Totally illogical. Cantonese being a language has nothing to do with how widely spoken it is. Possibly there are minorities in China that live in one village only with a language that is nothing to do with Chinese. But they are languages.

Oh... if Shanghainese were more widely spoken suddenly it would be a language?

As glossika pointed out, Chinese have a different understanding of the word 'language'. Calling Cantonese a language simply because it's official in Hong Kong (purely historical chance) and calling Shanghainese a dialect simply because it's spoken mainly in one city is ridiculous and only illustrates my initial post about the attitude of mainland Chinese to language, dialect and the Chinese language.

Could someone make a comment please on the mutual intelligibility of Cantonese, Shanghainese and Mandarin.
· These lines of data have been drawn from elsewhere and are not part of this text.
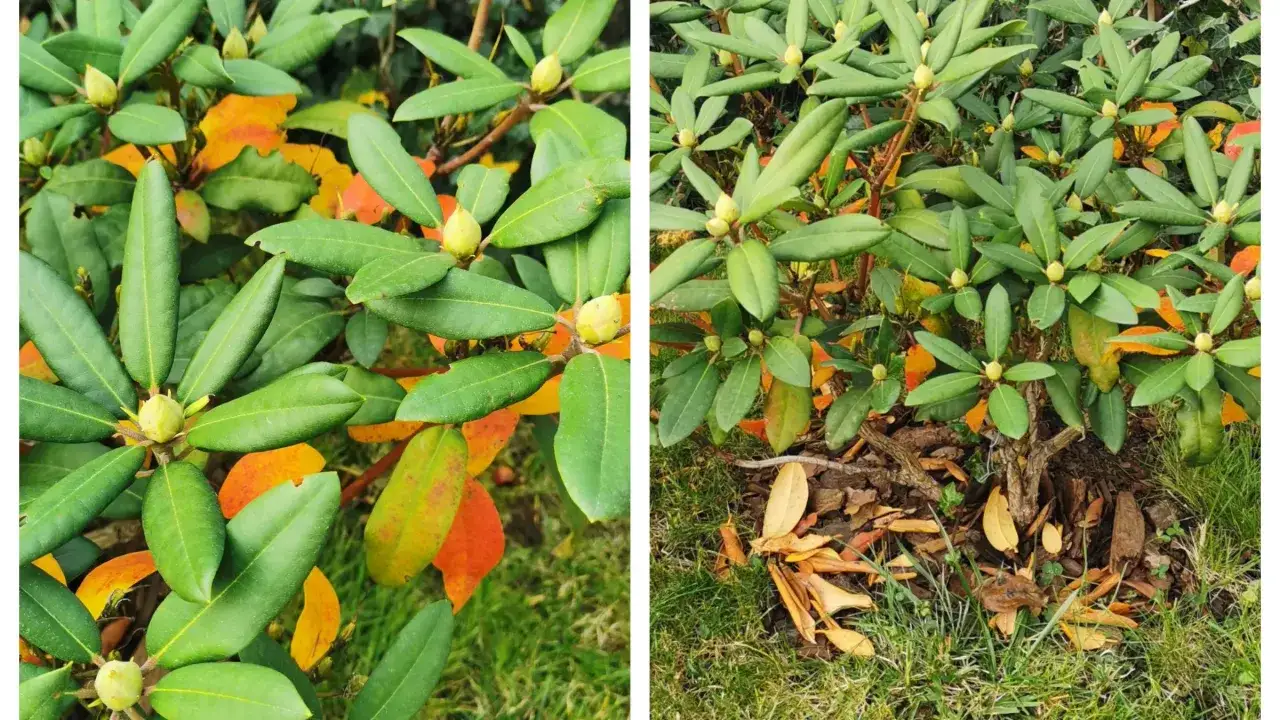 Rododendron z zielonymi liśćmi i pąkami, a także żółknące liście świadczące o jesiennej zmianie.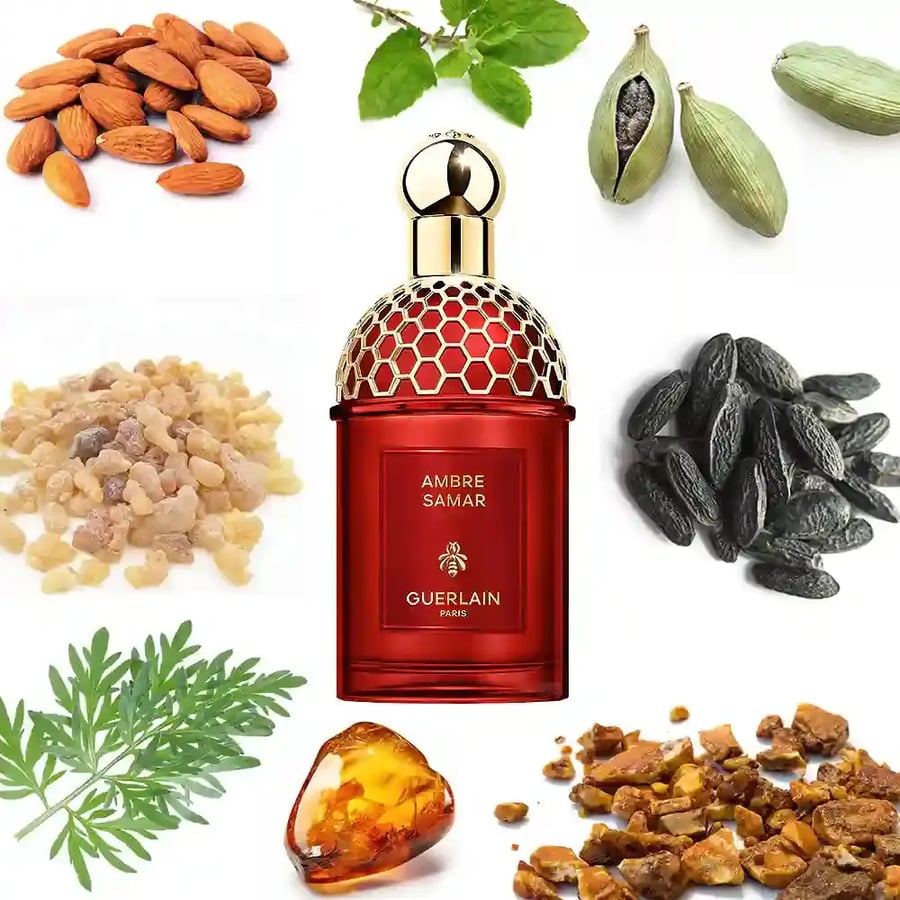 عطر جيرلان ابسولس اليغوريا عنبر سمر او دو بارفيوم 125مل
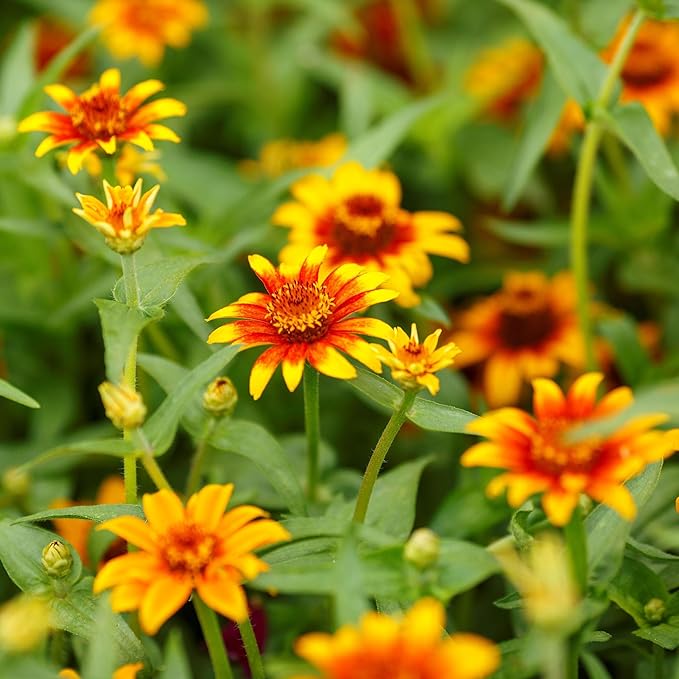 Eden Brothers Zinnia Seeds - Old Mexico, Non-GMO Seeds for Planting, 1 oz | Low-Maintenance Flower Seeds, Plant During Spring, Zones 3, 4, 5, 6, 7, 8, 9, 10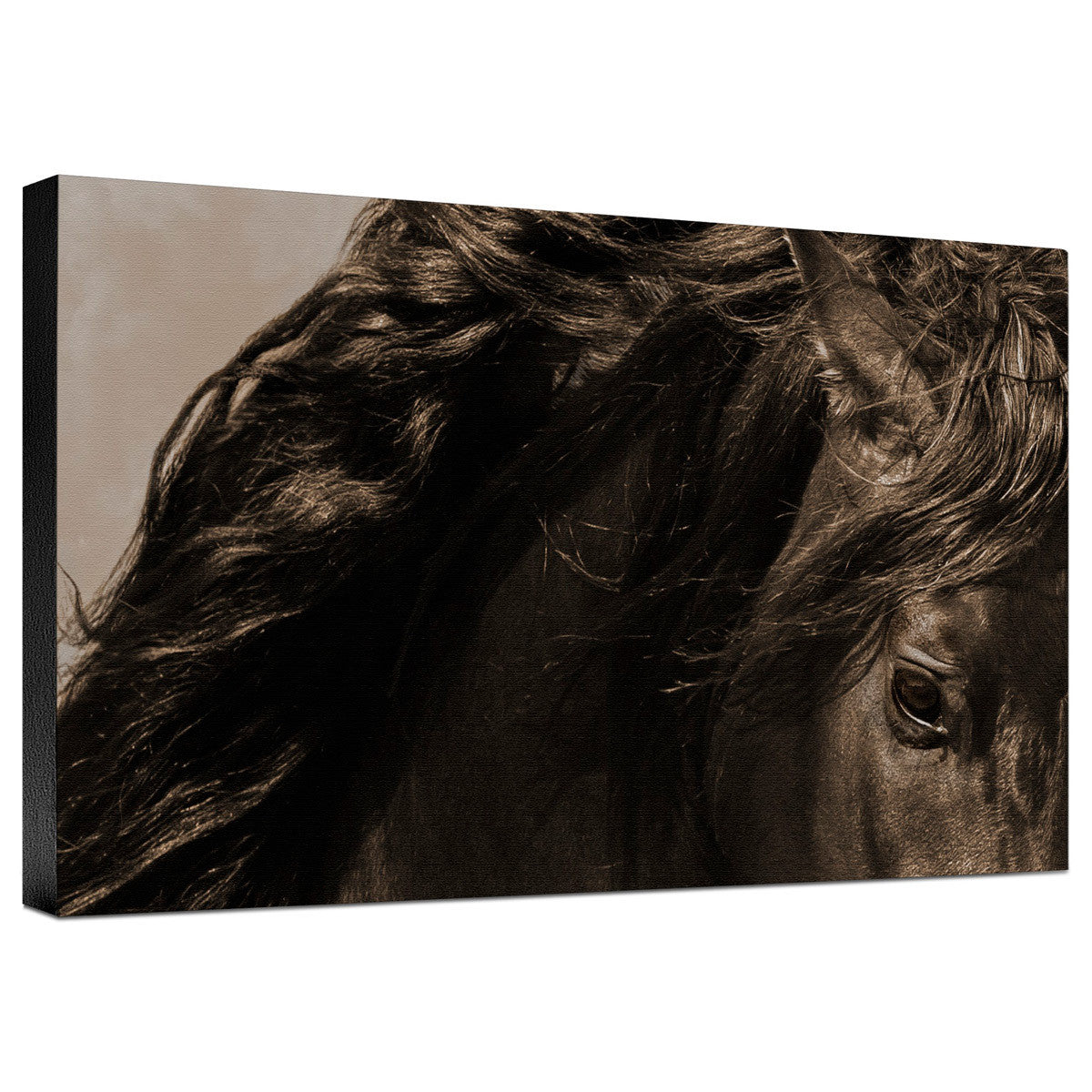 Sheraz Sepia Gallery Wrapped Canvas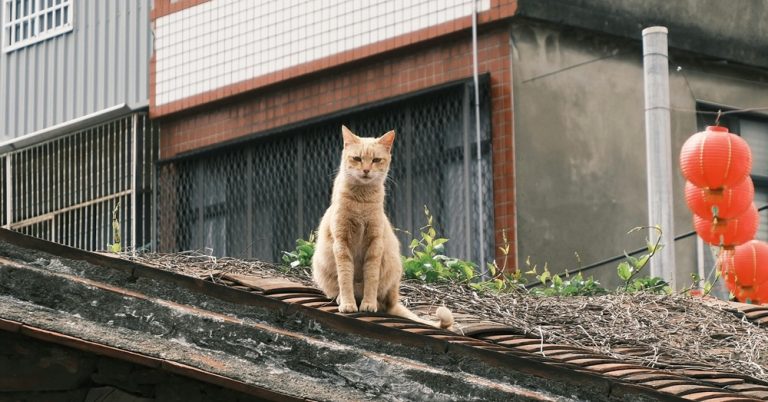 Best day trips from Taipei featuring a cat in Houtong Cat Village Caption: Description: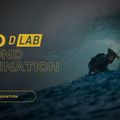 DUOTONE kitesurfing sárkány Neo D/Lab 2023 szürke 44230-3024 6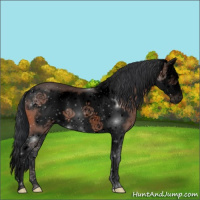 Horse Color:Void Bay Splash Frame Rabicano 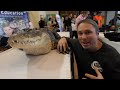 reptileshowtexasstyle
Surely that's more to do with what determines languages than how widely spoken it is?

Lastly, since when does anyone use the term 'Standard Mandarin'? Is there a university in the world that teaches, specifically, 'Standard Mandarin' v. just 'Mandarin'? Though I've just looked it up in wikipedia and yes, they refer to 'Standard Mandarin'. On the other hand in another entry on official languages they just call it 'Mandarin'.

Either way, it's only called putonghua because of the negative overtones of the term Mandarin and the officials of court.

Oh, and by your logic Norwegian and Danish and Swedish are dialects of some other language group.